#### INFORMATION SHOWN:
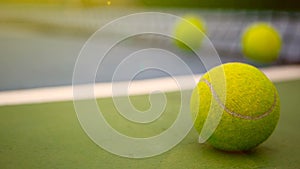 Close up of tennis equipment on the court. Sport, recreation concept.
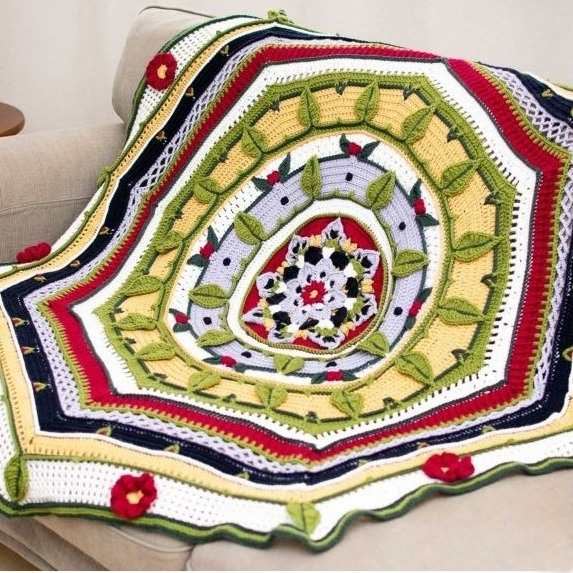 A colorful crocheted blanket with intricate patterns and floral designs is draped over a beige sofa. The blanket features red, green, yellow, and black accents with raised leaf motifs.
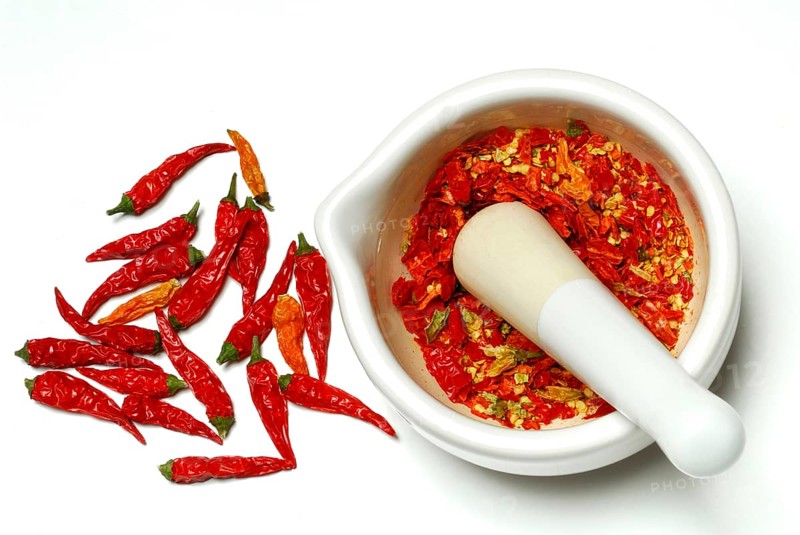 Dried chilli peppers in grating bowl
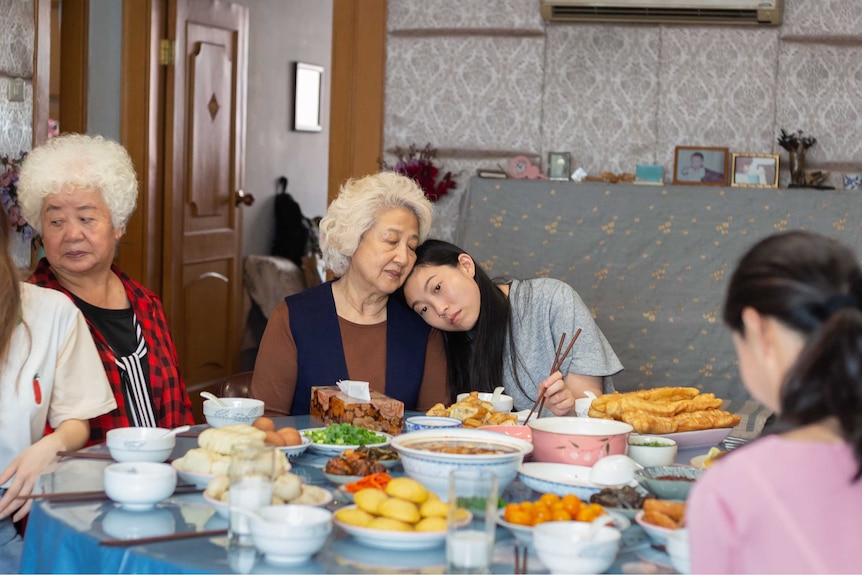 A young Chinese woman rests her head on her grandmother, they sit at a table filled with food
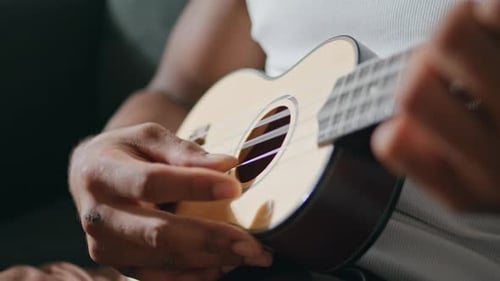 Close up of Ukulele Being Played
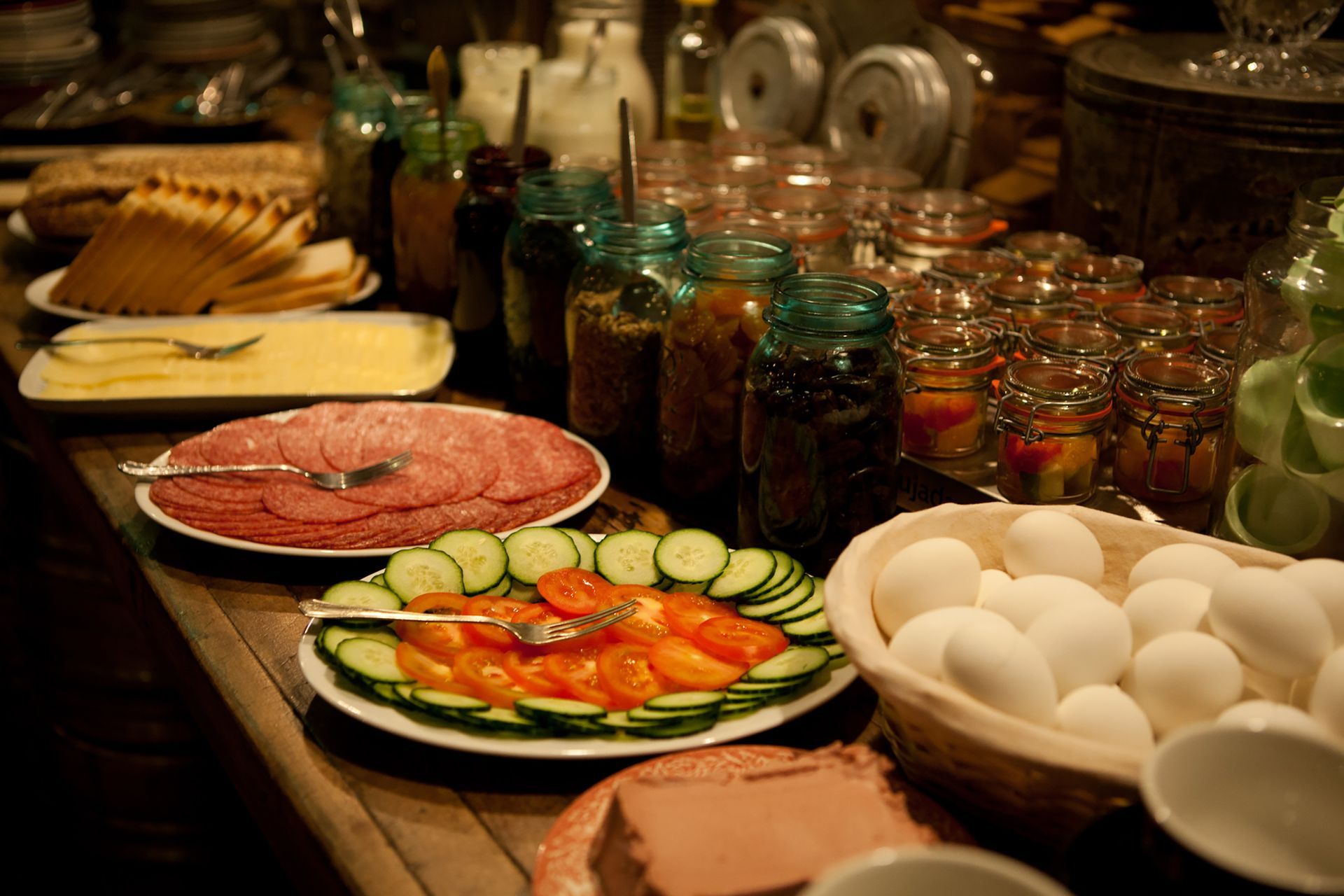 Breakfast buffet: cold cuts, sliced vegetables, eggs, cheeses, and various jams in jars.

#### PROBLEM:
Leave the pictures aside. Set down exactly the lines from the one with "A colorful crocheted" through the final line of the listing above.

#### THE COMPLETED TASK:
 A colorful crocheted blanket with intricate patterns and floral designs is draped over a beige sofa. The blanket features red, green, yellow, and black accents with raised leaf motifs.
 Dried chilli peppers in grating bowl
 A young Chinese woman rests her head on her grandmother, they sit at a table filled with food
 Close up of Ukulele Being Played
 Breakfast buffet: cold cuts, sliced vegetables, eggs, cheeses, and various jams in jars.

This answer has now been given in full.